Nationalgeographic.co.id—Di kampung pesisir Werur, birunya laut begitu terhampar luas sejauh mata memandang hingga Samudra Pasifik. Ombaknya bagai menampar pesisir dan mengikis pasir pantai yang tinggi.
Tahun 2018 dan 2019, BNPB Kabupaten Tambrauw membangun tanggul secara bertahap di tepi pantai untuk mencegah abrasi yang disebabkan air pasang. Anak-anak di Kampung Werur sering bermain-main di atasnya atau di dekat tanggul. Namun, tanggul tersebut tidak menutupi pesisir kampung sepenuhnya, sehingga abrasi terus memakan kawasan pesisir.
"Dulunya laut tidak sedekat ini. Masih jauh lagi di depan sana," kata Fera Ramar kepada saya sambil menunjuk tanggul penahan ombak. Dia adalah seorang guru di SD YPK Imanuel Werur. Saat itu, saya berjumpa dengan Fera pada acara adat Festival Munara Beba Byak Karon pada 22 Maret 2023.
Werur adalah salah satu kampung di Distrik Bikar, Kabupaten Tambrauw, Papua Barat Daya. Sebagian dari masyarakat yang tinggal di sini merupakan suku Byak Karon yang tinggal sejak berabad-abad silam setelah bermigrasi dari Pulau Biak.
Pada masa lalu, kampung ini menjadi basis perlawanan Sekutu dalam upaya mengusir Kekaisaran Jepang di penghujung Perang Dunia II. Peninggalannya masih terpendam di bawah pasir pantai Kampung Werur.
Tidak jarang, ombak yang menyebabkan abrasi, mengungkap berbagai peninggalan bersejarah itu. Warga kampung menjadikan temuan mereka sebagai koleksi atau perabotan rumah mereka.
Laut dan pesisir Tambrauw menyimpan ragam kekayaan kehidupan bawah laut yang dilindungi, salah satunya penyu belimbing. Kelestarian alam laut sempat terusik dengan aktivitas perikanan yang berbahaya seperti pengeboman dan penggunaan jaring yang menjadi sampah lautan.

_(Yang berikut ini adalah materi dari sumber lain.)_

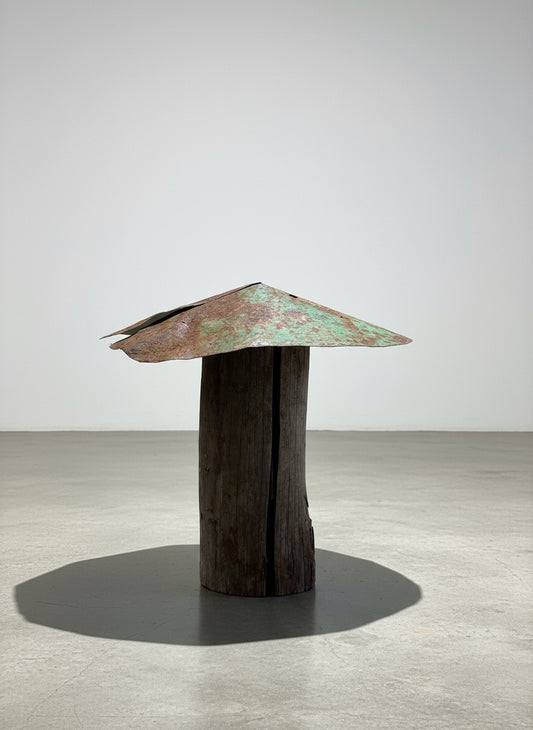Green-patina mushroom sculpture handcrafted from a weathered log stem with an aged metal cap, showcasing rustic primitive folk art and reclaimed garden design — Hommes and Gardens, Home Decor Collection, landscape design, plant design, Landscape Architect, Interior Designer, Outdoor Living, Outdoor Decorations, Home Design, Luxury Design, Art, Furniture, Objects, Best Gifts, Nature, Backyard, Yard.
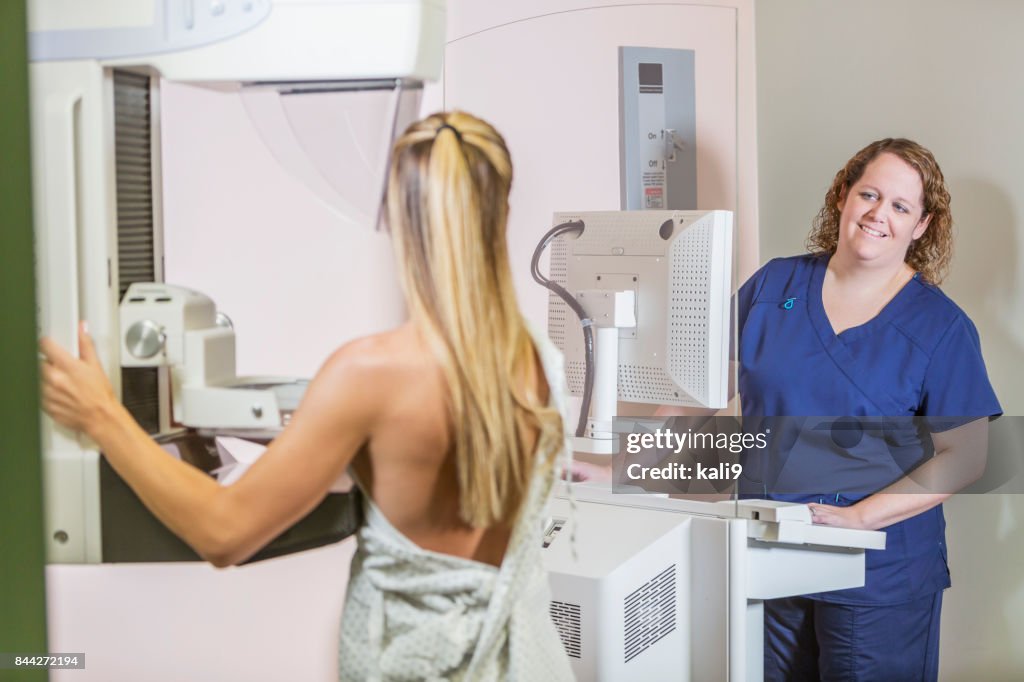 Woman getting mammogram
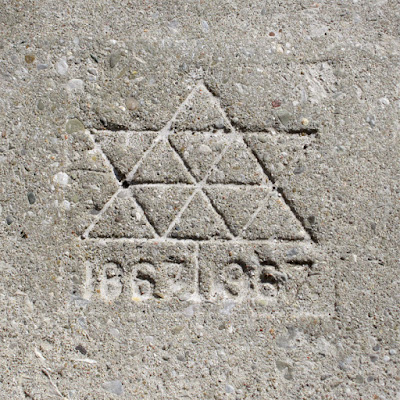 Sidewalk contractor's stamp, with the 1867-1967 Centennial logo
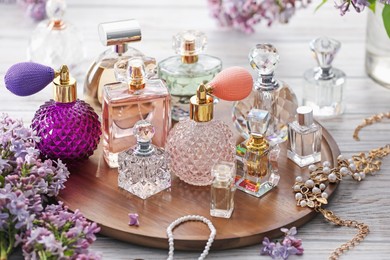 Photo of Bottles of perfumes, accessories and lilac flowers on white wooden table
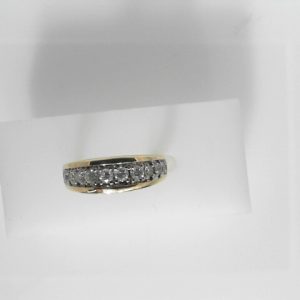 Estate Diamond Anniversary Ring 
14 Karat Yellow/White Estate Anniversary Ring Width 6.4mm 
Finger Size 7 Gram Weight 4.55 
10 Center Diamonds Shape: Round; Clarity: I2; Colour: I/J 0.45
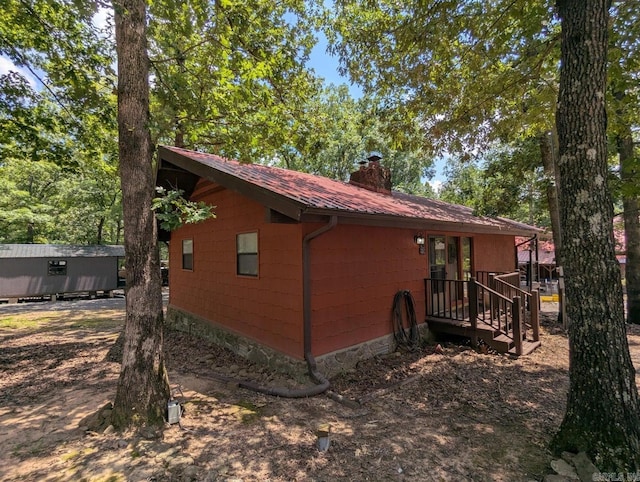 100 Osage, Edgemont, AR 72044 - view of property exterior featuring a metal roof and a chimney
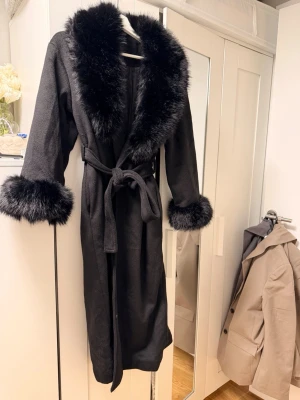 Svart kappa med f pälsdetaljer - Säljer en svart lång kappa med bred krage och ärmslut i fluffig fuskpäls. Kappan har knytband i midjan för snygg passform och är helsvart med en elegant look. Perfekt för dig som vill ha en statement jacka till höst och vinter.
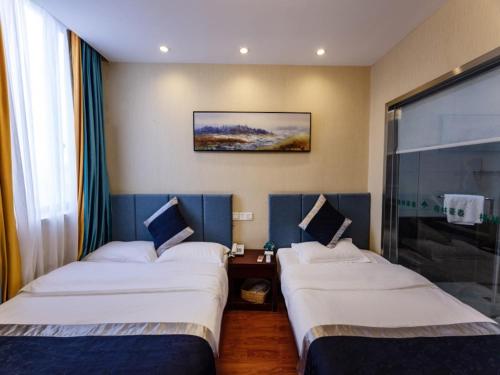 two beds in a hotel room with at Greentree Inn Jiangsu Suzhou Wujiang yongkang Pedestrian Road Express Hotel in Suzhou
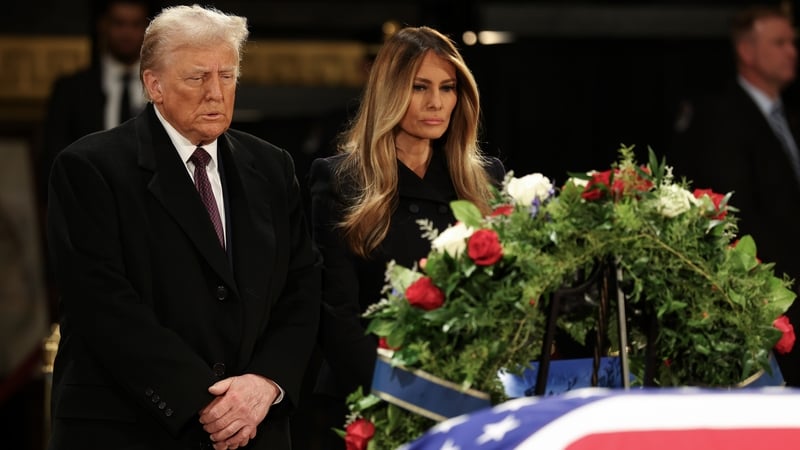 Donald Trump and his wife former first lady Melania Trump visit the flag-draped casket of former US president Jimmy Carter in the US Capitol Rotunda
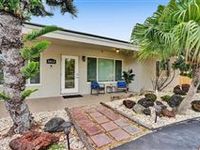 UPGRADED HOME IN PRESTIGIOUS HILLSBORO SHORES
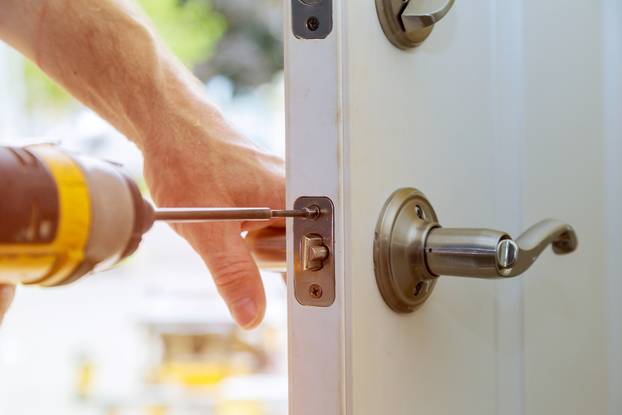 Installation,Locked,Interior,Door,Knobs,,Close-up,Woodworker,Hands,Install,Lock.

Bahkan, penyu belimbing sendiri memiliki tantangan dalam konservasi. Reptil ini sering mampir ke pesisir Tambrauw untuk bertelur. Begitu kembali melaut, telur mereka yang sudah dikubur dalam pasir sering diambil babi liar atau biawak. Masyarakat tidak mengganggu penyu belimbing, bahkan memuliakannya.

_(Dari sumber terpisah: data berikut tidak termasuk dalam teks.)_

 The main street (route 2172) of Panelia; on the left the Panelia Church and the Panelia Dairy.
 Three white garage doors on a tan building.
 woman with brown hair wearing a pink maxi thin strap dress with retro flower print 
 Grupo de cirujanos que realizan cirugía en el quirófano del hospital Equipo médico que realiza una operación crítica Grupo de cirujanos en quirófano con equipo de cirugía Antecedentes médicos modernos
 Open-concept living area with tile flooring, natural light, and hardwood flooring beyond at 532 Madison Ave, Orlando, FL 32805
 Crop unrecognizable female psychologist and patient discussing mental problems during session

Sebagai guru dengan latar belakang sarjana sosiologi, Fera menyadari bahwa potensi laut begitu kaya untuk kesejahteraan masyarakat Werur. Salah satu cara yang dapat dilakukan Fera adalah dengan kemampuannya sebagai pengajar dengan memberikan pendidikan lingkungan hidup.

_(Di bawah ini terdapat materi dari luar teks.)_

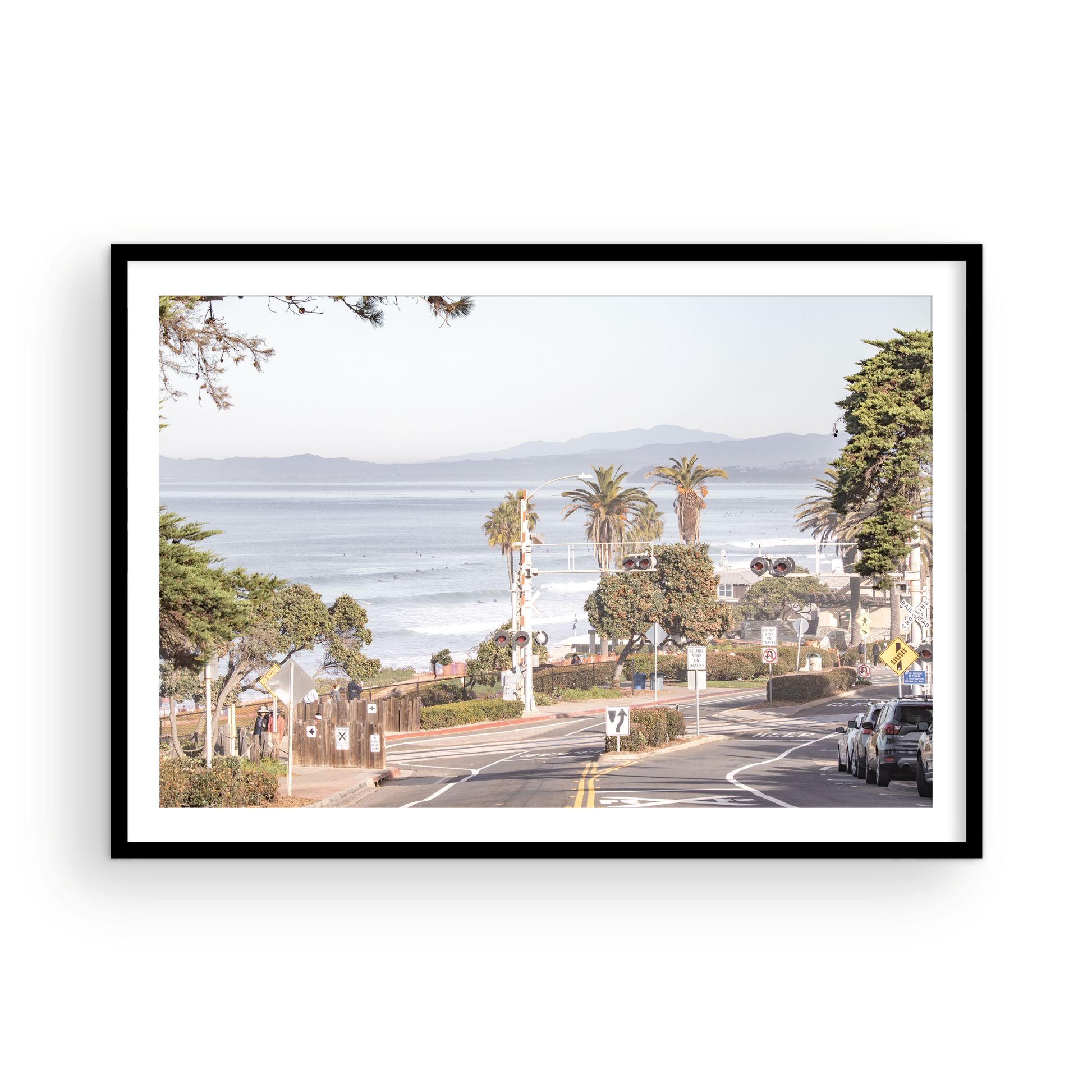 Coastal fine art photography print featuring a scenic view of a coastal road with palm trees, ocean in the background. Photograph in minimalist mock up.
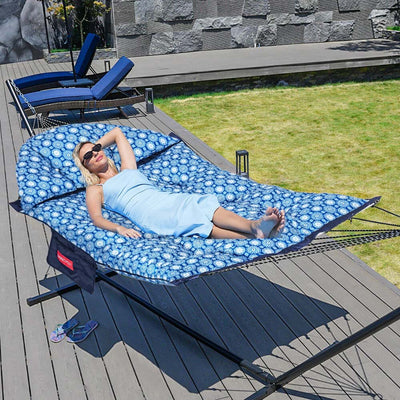 A woman enjoying the Lazy Daze Double Hammock with Curved Spreader Bar in navy in a sunny backyard.#color_navy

Inisiasi ini pun dilakukan bersama empat guru lainnya untuk diajarkan kepada anak-anak sejak 2020. Baru pada 9 April 2022, mereka menamai kelompok pembelajaran di luar sekolah tersebut sebagai Fandun Farkor.
Keberadaan mereka langsung disambut antusiasme warga sebagai sarana meningkatkan literasi di Werur. Sampai hari ini, Fandun Farkor menjadi tempat belajar bagi 30 anak di kampung. Sebagian dari anak-anak yang ikut belajar berasal dari kalangan yang putus sekolah. Tidak jarang, orang tua pun terlibat dalam aktivitas pembelajaran.
Awalnya, kelompok Fandun Farkor hanya mendampingi anak-anak lewat pendekatan pendidikan di gereja. Oleh karena itu, ketika kelompok ini berjalan secara mandiri, materi agama yang selaras dengan literasi dan pendidikan lingkungan diajarkan kepada anak-anak.